GIVEN DATA:
/---

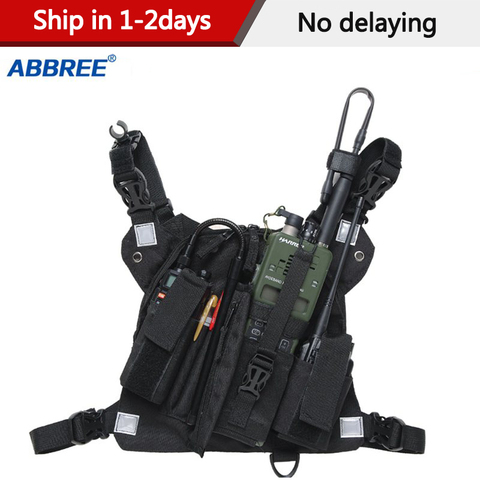 Abbree Radio Chest Harness Chest Front Pack Pouch Holster Vest Rig Chest Bag for Walkie Talkie Motorola Baofeng UV-5R TYT Wouxun ► Photo 1/5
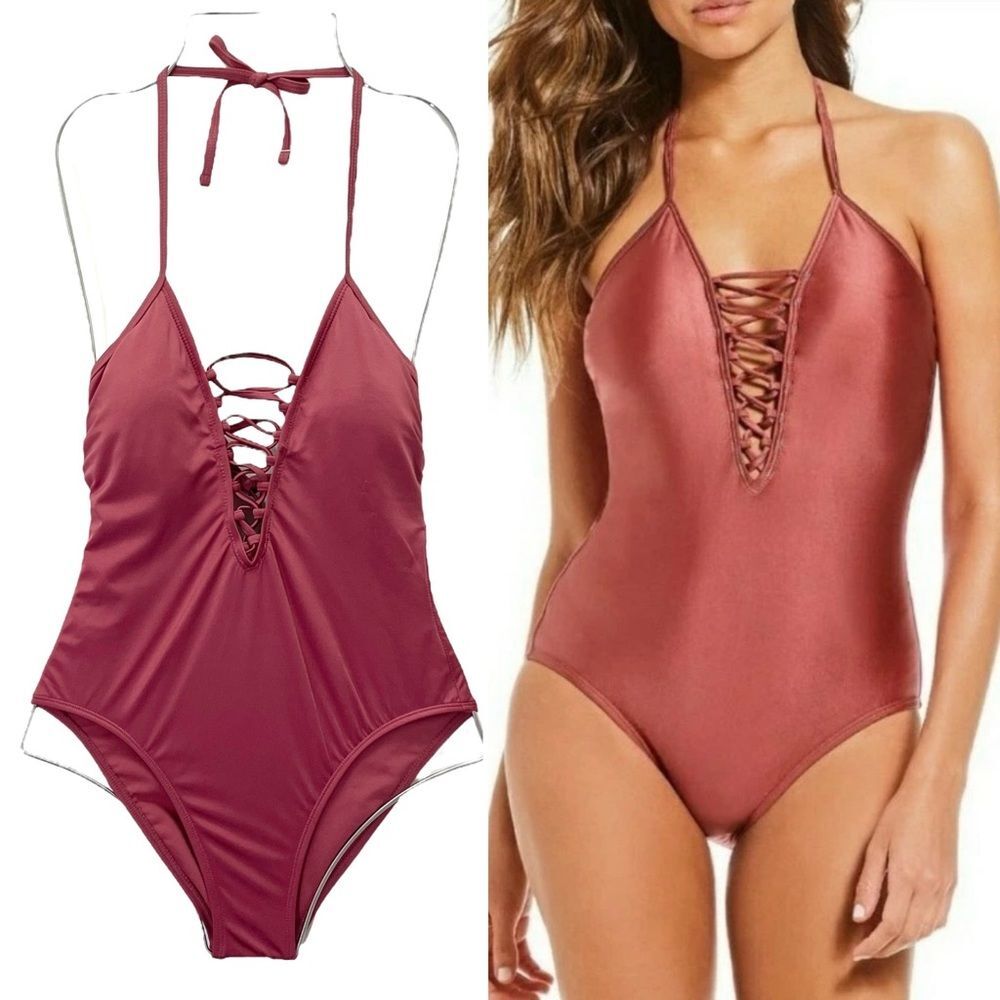 NWT Gianni Bini One Piece Swimsuit Size Small Cabernet Shimmer Bathing Suit NEW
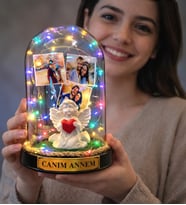 Anneler Günü Hediyesi 3 Fotoğraflı Renkli Led Işıklı Melek Annem Fanus Anneye Hediye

\---

YOUR GOAL: What is needed is an exact copy of the lines from the start of the listing above through the line that holds "NWT Gianni Bini", with the pictures left out.

THE ANSWER:
 Abbree Radio Chest Harness Chest Front Pack Pouch Holster Vest Rig Chest Bag for Walkie Talkie Motorola Baofeng UV-5R TYT Wouxun ► Photo 1/5
 NWT Gianni Bini One Piece Swimsuit Size Small Cabernet Shimmer Bathing Suit NEW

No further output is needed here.